With the pictures left out, retype exactly the lines below starting at the line that contains "Casa con 6 locali" and ending at the line that contains "Salvatore Ferragamo Gancini".

▸ **DATA EXTRACT**
_ _ _ _ _ _ _
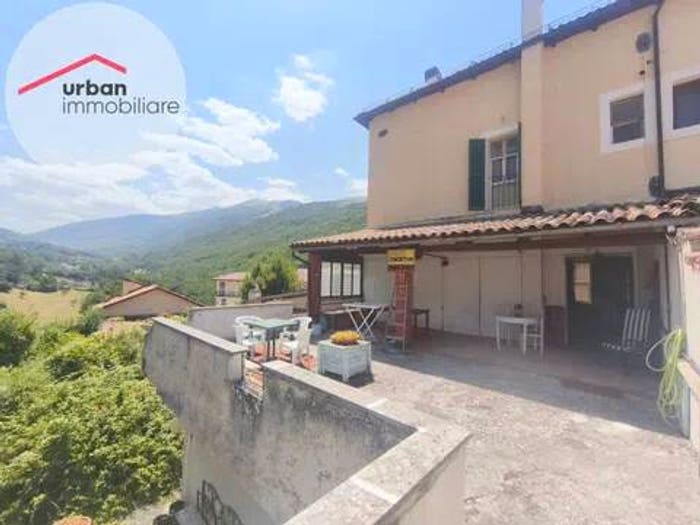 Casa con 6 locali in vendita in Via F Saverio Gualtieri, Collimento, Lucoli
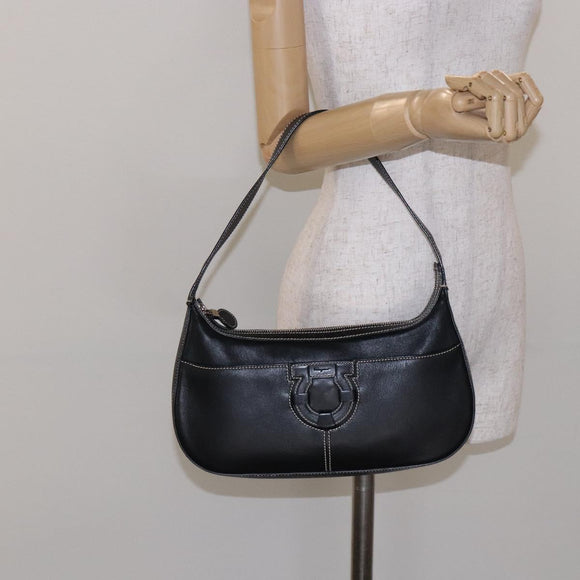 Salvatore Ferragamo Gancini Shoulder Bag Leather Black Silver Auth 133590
_ _ _ _ _ _ _
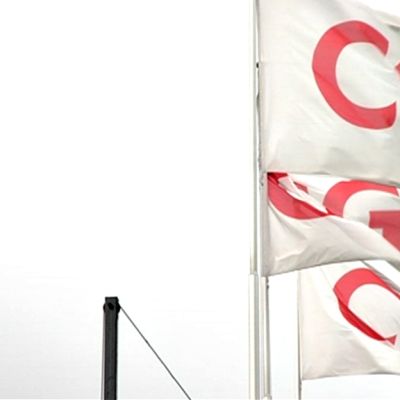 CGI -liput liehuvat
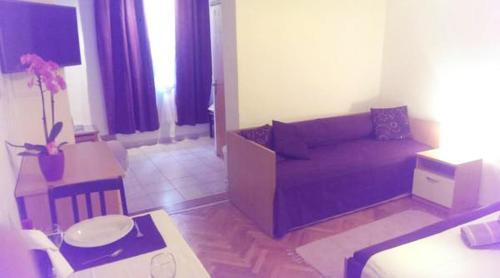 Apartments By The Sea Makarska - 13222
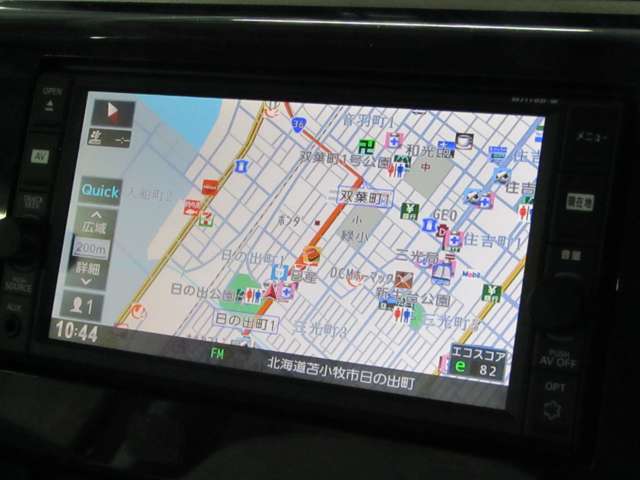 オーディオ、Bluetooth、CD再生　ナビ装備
_ _ _ _ _ _ _
▸ **ANSWER FOR THIS EXERCISE**
 Casa con 6 locali in vendita in Via F Saverio Gualtieri, Collimento, Lucoli
 Salvatore Ferragamo Gancini Shoulder Bag Leather Black Silver Auth 133590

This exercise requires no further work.